When I go to UCSC table browser and get the BED file for NM_000314.6 (gene = "PTEN"), I find out that the first exon starts at position 89623194 in GRCh37/hg19 (!). Thus the exon starts at 89623194+1 = 89623195 in a 1-based coordinate system.
Now I've created an artificial VCF file:
10 89623195 C A . PASS
1 SNP at position 89623195, the first nucleotide of the first exon. Then I use the following snpEff command to annotate that SNP:
java -Xmx4g -jar ~/snpEff_latest_core/snpEff/snpEff.jar GRCh37.p13.RefSeq artificial.vcf
The ANN record that I get for NM_000314 is the following:
I want to focus on the HGVS nomenclature of that record: c.-1032C>A. If you navigate to the NCBI page of NM_000314 you will see that the coding sequence starts at position 1032 of the transcript. If I had introduced a SNP at position 1031, the expected HGVS nomenclature would be c.-1C>A. If you follow that logic, my introduced SNP at the first nucleotide of exon1 must have the HGVS nomenclature c.-1031C>A. Which is not the case. Is there an error in the snpEff algorithm?

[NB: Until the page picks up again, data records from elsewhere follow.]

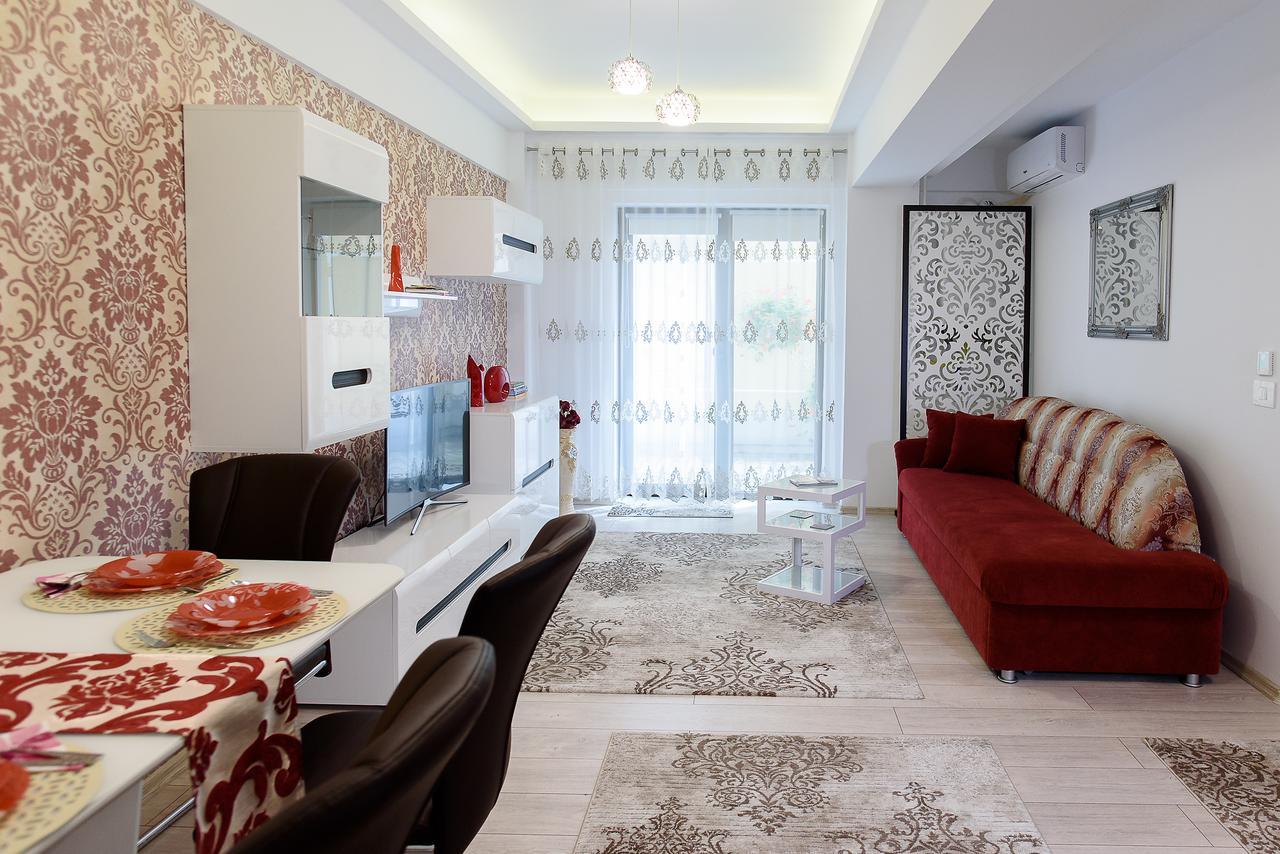 Carla'S Apartment, Airport & Train Station Shuttle ยาช ภายนอก รูปภาพ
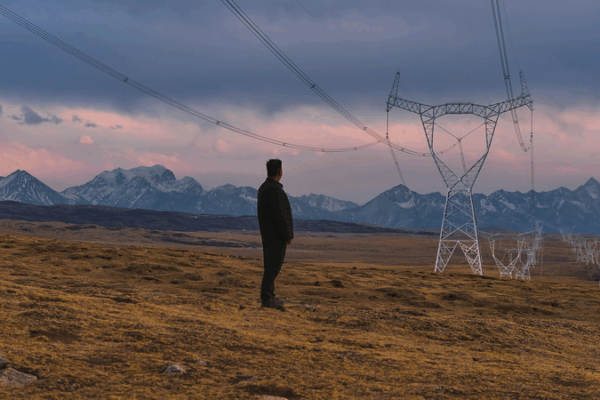 ⚡️ From Butter Lamps to Neon: Pasang Tsering Lights Up the Tibetan Plateau 🌄 ⚡️ From Butter Lamps to Neon: Pasang Tsering Lights Up the Tibetan Plateau 🌄 video poster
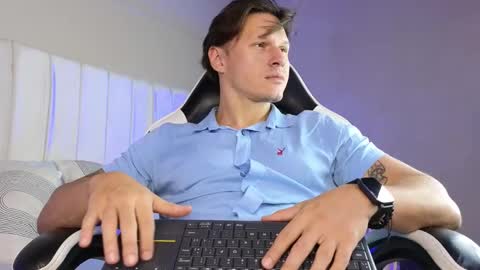 Justin  online show from 27, 3, 2026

mutalyzer output for chr10:g.89623195C>A (NC_000010.11:g.89623195C>A) and GRCh38:
with GRCh37 (hg19):
I used UCSC hgtables function to export coordinates of NM_000314 using hg19 build, UCSC gene track and known genes track. As you see, CDS start is 89624226.
yes, everything as expected here, c.-1032 is the correct HGVS notation (see the comments below Kevins answer)
Hi Marvin,
There is no need to delete your question, especially when people have provided helpful reactions.